Twelve years ago, I got married to someone I knew for 3 months. We went from dating to married in that short time. I don’t regret it, but I don’t recommend it either. We were happy for the first 6 or so of our 12-year marriage. After that, our differences started becoming too much and we mutually decided to end things last year. Where’s the indecision, you might be asking? Well, when you can’t decide for 6 years if you want to be married to someone or not it takes its toll. When we finally parted (officially earlier this year), it was on mostly okay terms. Not the best of friends but not bitter enemies either.
There’s been more indecision and upheaval throughout my life. From bouncing around and moving the last year and a half, and the instability that brought, to dealing with being the “adult” at 19 just after my dad died. My mom played the grieving widow part well, but it was me who sat with my dad at his chemo appointments, and me who took him to radiation before he passed away. It was me who made some of the hard decisions after he died. I was the one who couldn’t say goodbye the night he was moved to hospice. I was also taking her to work and working some at the same time too. But then I had to listen to her go on about she just did so much for him… It killed the last part of love I had for her. Which has made me indecisive on how I feel about her and taking care of her as she gets older. I do it now, out of obligation and guilt. Guilt because I promised my dad I’d do everything I could to help her out. Now no one expects a 19-year-old to follow that, but I have tried my best to. And now with me at 33, she needs help. I give what I can, but if she doesn’t want to take care of herself, who the hell am I to force that? And I feel torn about it, because well she is my mom and the only family I really have left. At the same time, where was the mom I needed when my world kept crashing down? Why do I have to be there for her now? I know I don’t owe her anything. I just do it for my own peace of mind and so that the guilt won’t completely eat me alive.

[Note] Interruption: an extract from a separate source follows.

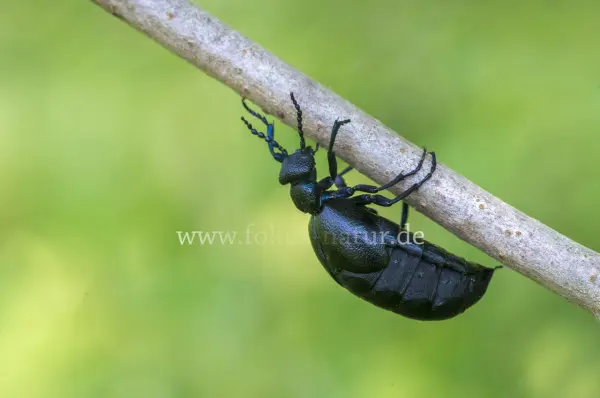 Fokus-Natur Bild
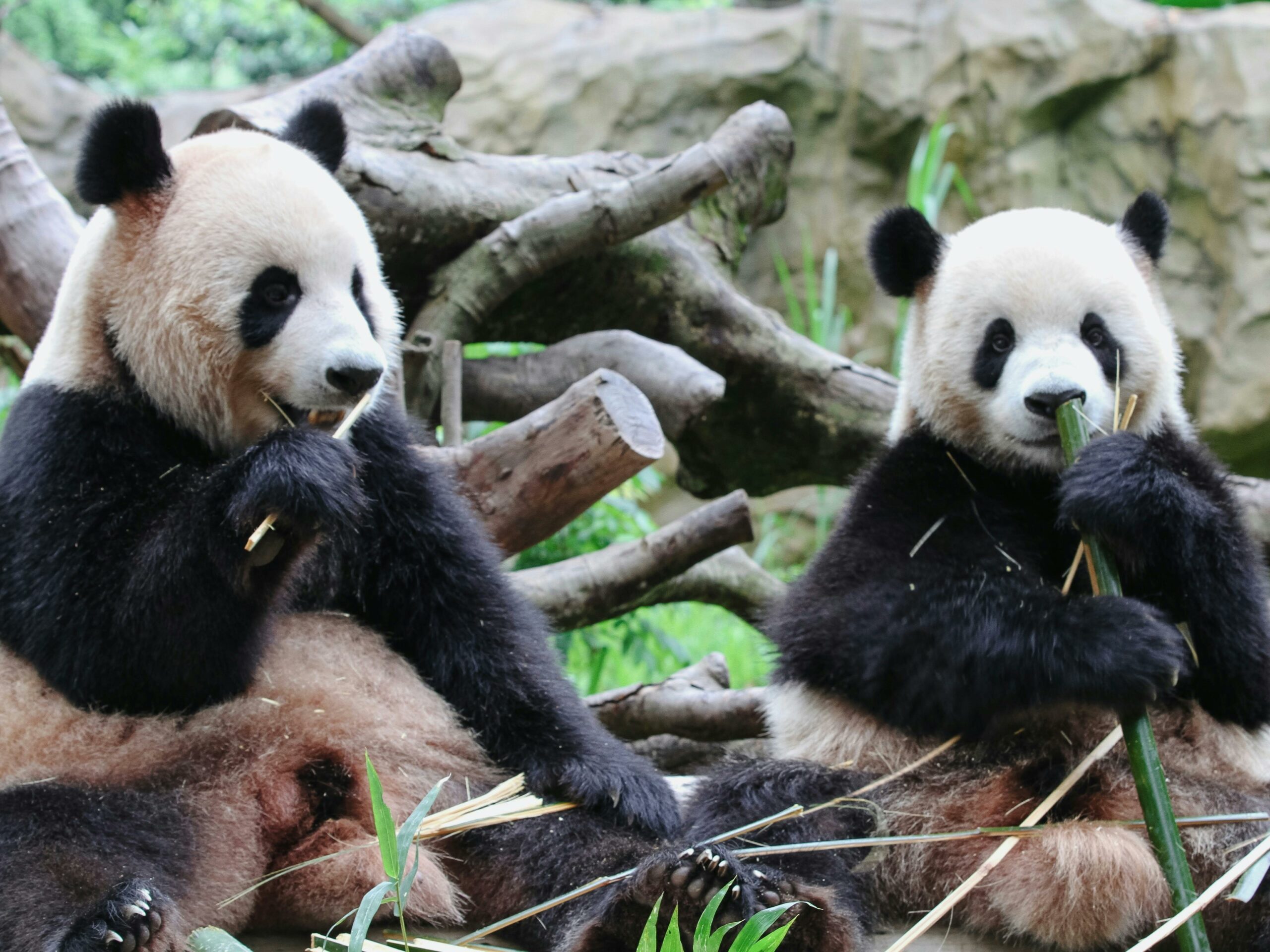 Kostenloses Stock Foto zu ailuropoda melanoleuca, asien, bambus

Where does that leave me now? Still undecided in a lot of things but I know a few things. I want to finish my degree in Psychology so I can help people. I hope it’s sometime in the next few years but no one really knows what the future has in store. I want to find the happiness that I’ve lost out on and had previously given up finding. I want to be the person I could have been 10 years ago if life hadn’t decided to dump all those things on someone who wasn’t wholly prepared or even a little prepared. But at least I have things I want to accomplish and want to strive to be now. That’s more things decided than what I had yesterday. And maybe tomorrow, I can finally decide what some of my favorite things are.
The goodness and kindness we can show to others is what keeps me from getting stuck on all the bad that has happened in my own life. We can each be that force of good- if we just get out of our own heads from time to time.